EXERCISE INSTRUCTIONS – Return all of the data exactly, with nothing left out but the pictures.

EXERCISE DATA –
•••••

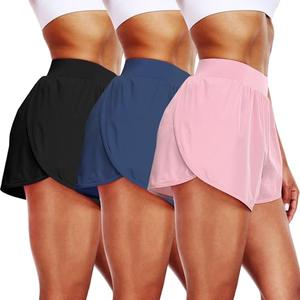 CADMUS 2 in 1 Women's Workout Shorts Athletic Gym Running Shorts with Compression Liner Brief,3 Pack, Black & Navy Blue & Pink, X-Large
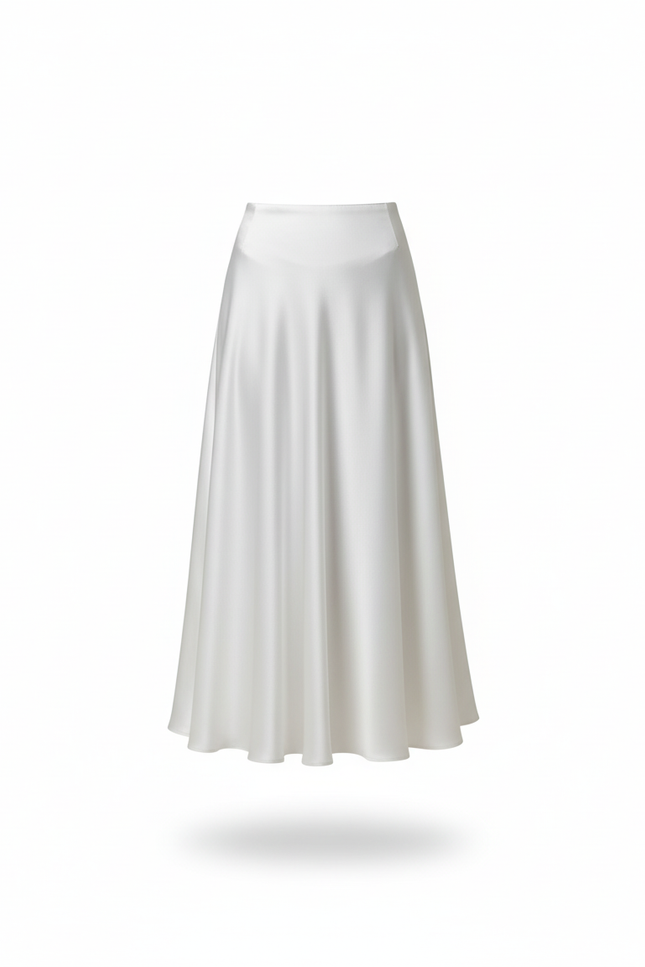 Jupe Midi Blanche Satinée Élégante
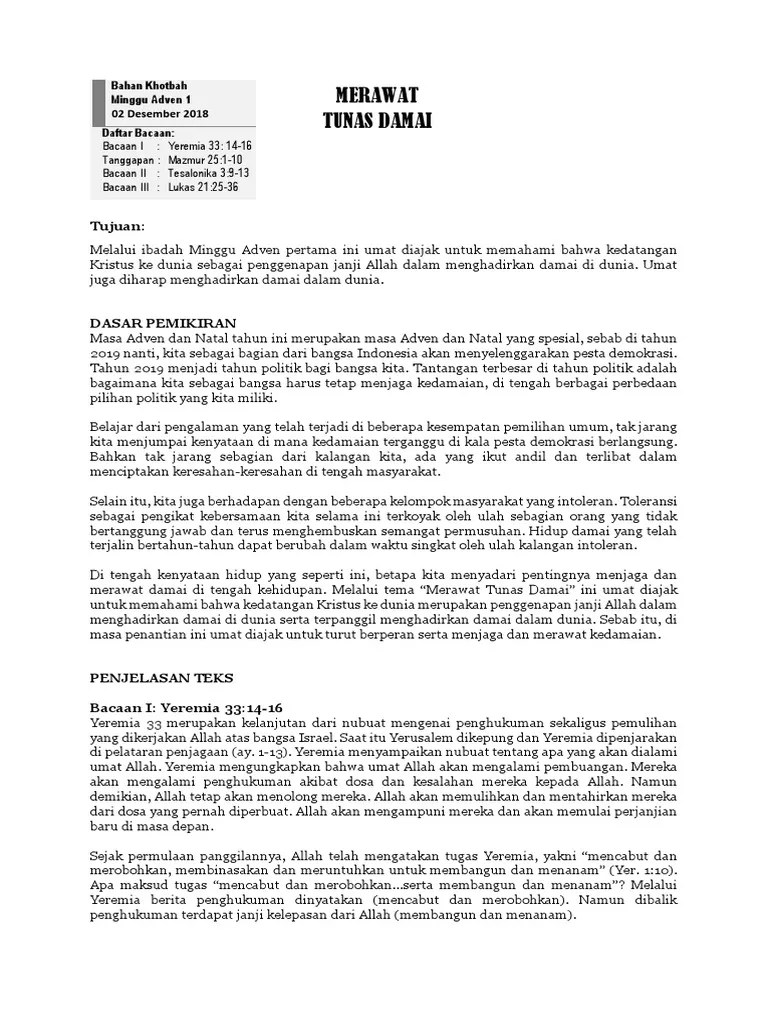 Khotbah Indo - Adven I 2 Des SD Epifani 6 Jan 2018-1 | PDF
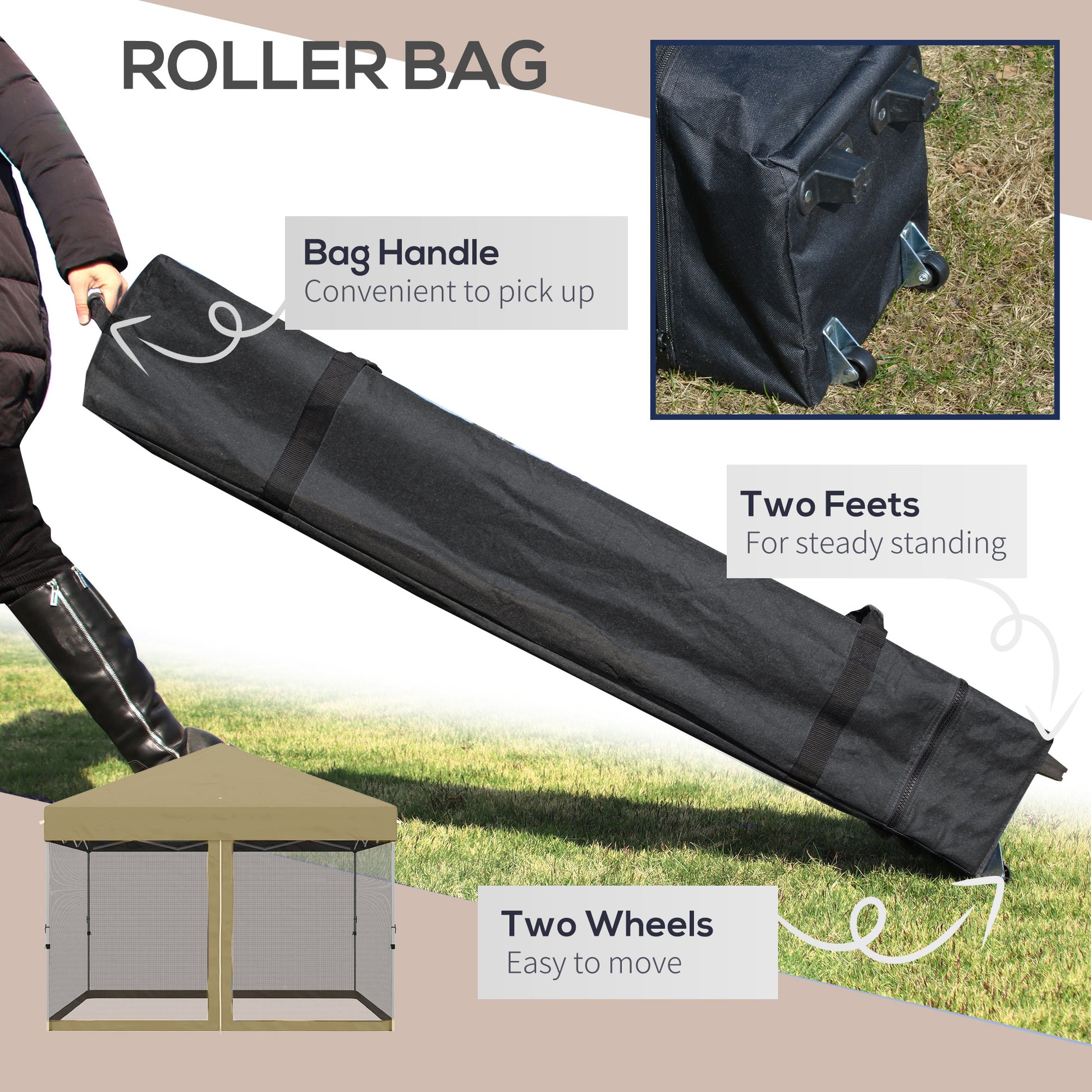 10' x 10' Pop-Up Party Tent UPF50+ Outdoor Canopy Tent with Mesh Sidewalls, 3-Level Adjustable Height, Roller Bag, Khaki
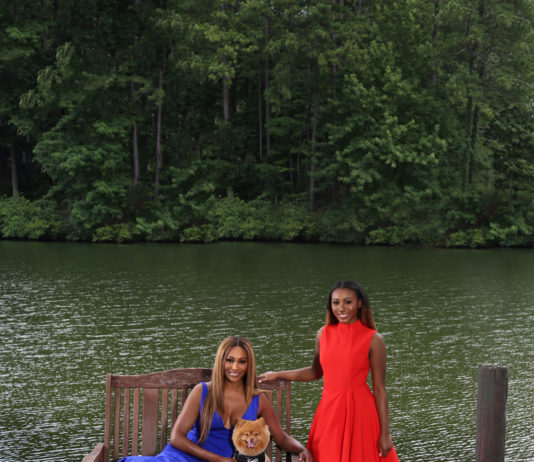 On Cynthia, Jovani. On Noelle, Solace London. Both courtesy of Tootsies. On Bailey, Dogo Designs, courtesy of Bark Fifth Ave.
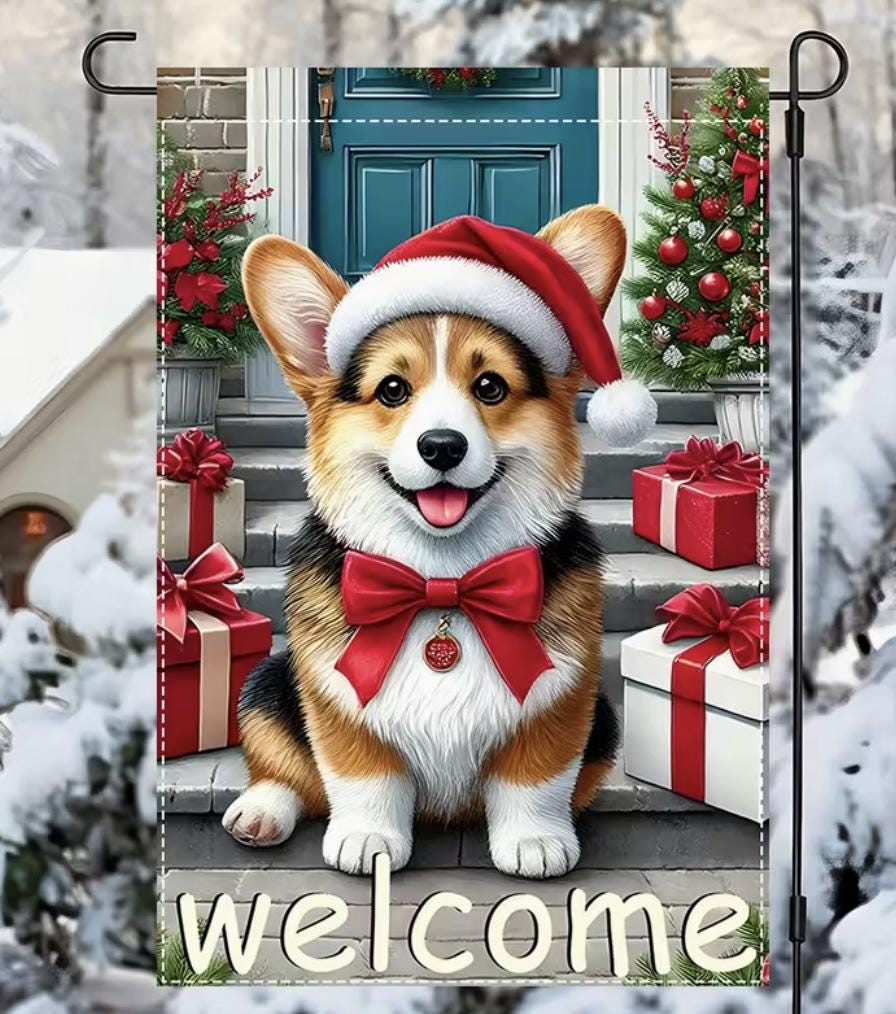 Christmas Corgi Garden Flag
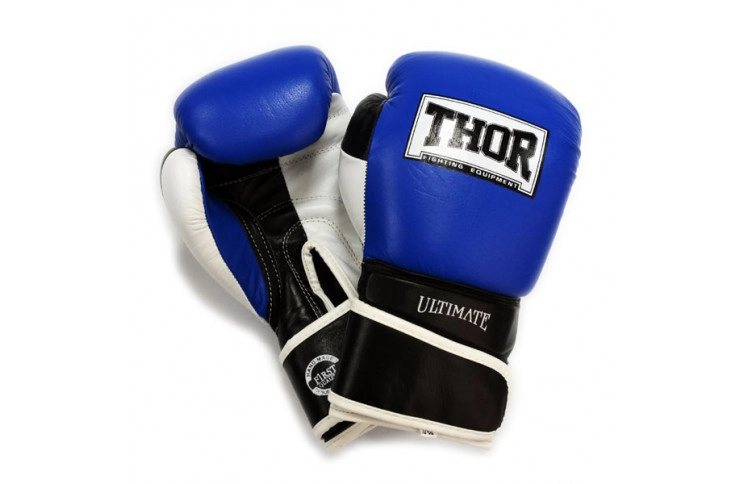 Перчатки боксерские THOR ULTIMATE 16oz /PU /сине-черно-белые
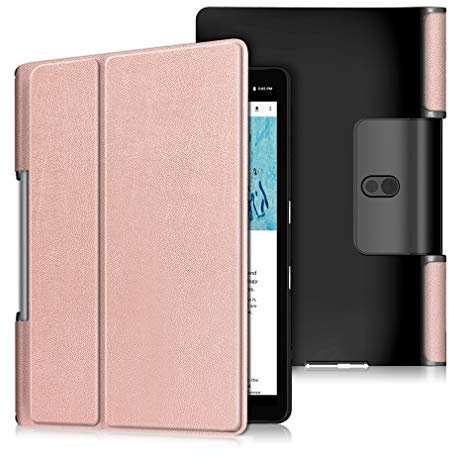 LMFULM® Hülle für Lenovo Yoga Smart Tab YT-X705F (10,1 Zoll) Tri-Fold PU Lederhülle Schlanke Leichte Smart Case mit Ständer Schutzhülle Flip Cover Rosegold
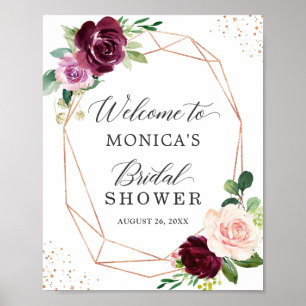 Poster Plum Purple Blush Floral Modern Bridal Shower Sign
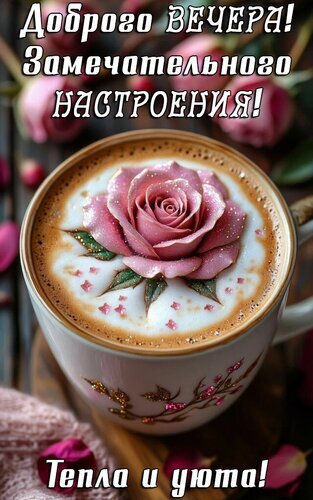 Открытка «Доброго вечера!» с чашкой кофе и розой из пенки. Пожелание тепла, уюта и замечательного настроения для близких и друзей. Открытка Добрый вечер Красивая поздравительная открытка с чашкой ароматного капучино, на пенке которого искусно выложен розовый цветок розы из молока. На изображении надпись на русском языке: «Доброго вечера! Замечательного настроения! Тепла и уюта!»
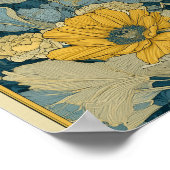 Jugendstil-Zirkusposter in Blau und Gelb Poster (Ecke)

•••••

RESULT OF THE EXERCISE –
 CADMUS 2 in 1 Women's Workout Shorts Athletic Gym Running Shorts with Compression Liner Brief,3 Pack, Black & Navy Blue & Pink, X-Large
 Jupe Midi Blanche Satinée Élégante
 Khotbah Indo - Adven I 2 Des SD Epifani 6 Jan 2018-1 | PDF
 10' x 10' Pop-Up Party Tent UPF50+ Outdoor Canopy Tent with Mesh Sidewalls, 3-Level Adjustable Height, Roller Bag, Khaki
 On Cynthia, Jovani. On Noelle, Solace London. Both courtesy of Tootsies. On Bailey, Dogo Designs, courtesy of Bark Fifth Ave.
 Christmas Corgi Garden Flag
 Перчатки боксерские THOR ULTIMATE 16oz /PU /сине-черно-белые
 LMFULM® Hülle für Lenovo Yoga Smart Tab YT-X705F (10,1 Zoll) Tri-Fold PU Lederhülle Schlanke Leichte Smart Case mit Ständer Schutzhülle Flip Cover Rosegold
 Poster Plum Purple Blush Floral Modern Bridal Shower Sign
 Открытка «Доброго вечера!» с чашкой кофе и розой из пенки. Пожелание тепла, уюта и замечательного настроения для близких и друзей. Открытка Добрый вечер Красивая поздравительная открытка с чашкой ароматного капучино, на пенке которого искусно выложен розовый цветок розы из молока. На изображении надпись на русском языке: «Доброго вечера! Замечательного настроения! Тепла и уюта!»
 Jugendstil-Zirkusposter in Blau und Gelb Poster (Ecke)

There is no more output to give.